A little over four months old now. Happy with how everything is progressing.


----------



## rick smith (Dec 31, 2010)

cute
that last pic says, "why do i have to pose with this stick in my mouth ? You KNOW i like paper much better !" //lol//


----------



## Sarah Platts (Jan 12, 2010)

I like the way puppies look soooo innocent but know that's probably not the case. Nice looking youngster.


----------



## mel boschwitz (Apr 23, 2010)

Who needs agility equipment. Lol. Cute!


----------



## Kimberly Grimm (Aug 23, 2013)

*Maiya - Training*

Maiya's area search training is going really well.

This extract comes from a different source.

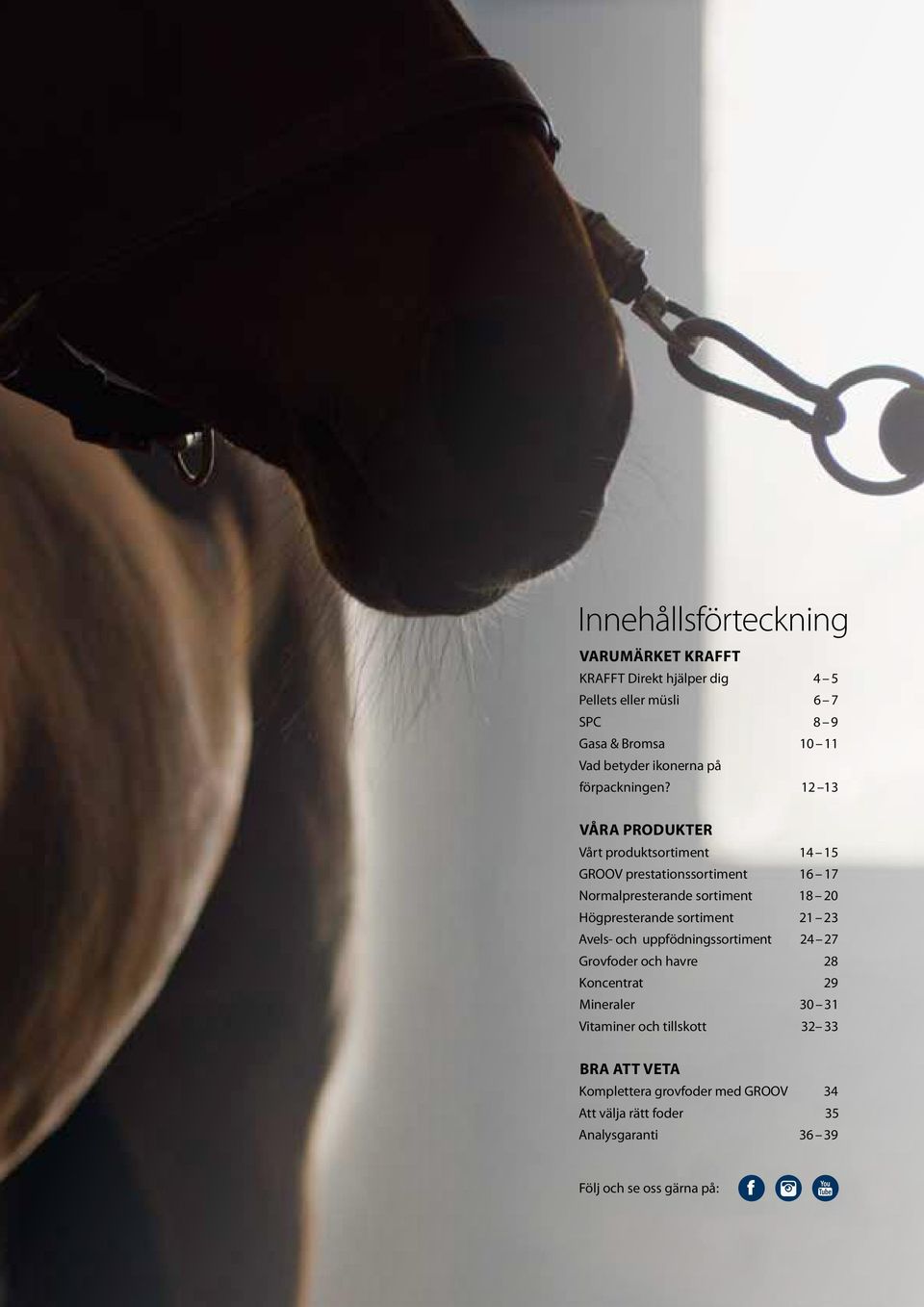 1 Våra produkter Vårt produktsortiment 1 1 GROOV prestationssortiment 16 17 Normalpresterande sortiment 1 0 Högpresterande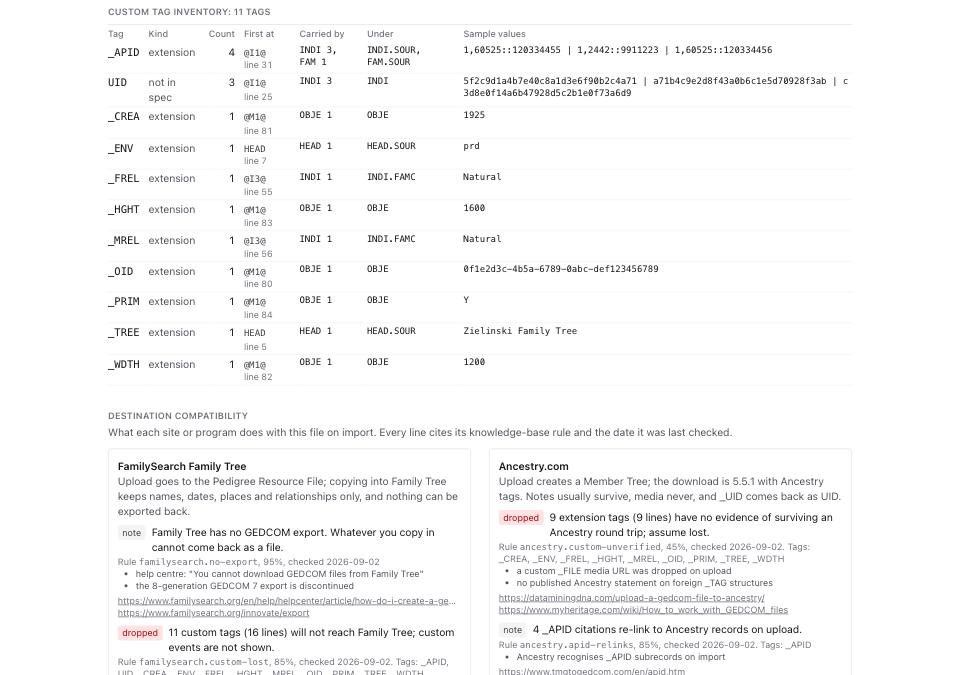 The Custom tag inventory in Dialect Report on the Ancestry fixture: _APID with count 4 under INDI.SOUR and FAM.SOUR, UID with count 3 under INDI.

I'm still prompting some, but she's getting the pattern down - find, recall, alert and refind. Ivan was always hard to recall. He knew the victim had the toy/treat and didn't want to leave them. And training an alert for Maiya was EASY. Never accomplished a solid alert with Ivan. Maiya's bark alert was there the first time I asked for it and I've never had problems getting it. Just need to keep reminding myself to take things slow. I'm so anxious to see what she does when she's let loose in the woods/undergrowth, but I know we're not there yet.


----------



## Alice Bezemer (Aug 4, 2010)

*Re: Maiya - Training*

I'm not a great fan of anything but Mali's and Dutchies but I have to say, Kimberly...

That is one lovely dog to see, I love the look on her face. She has very expresive eyes. Nice looking girl!


----------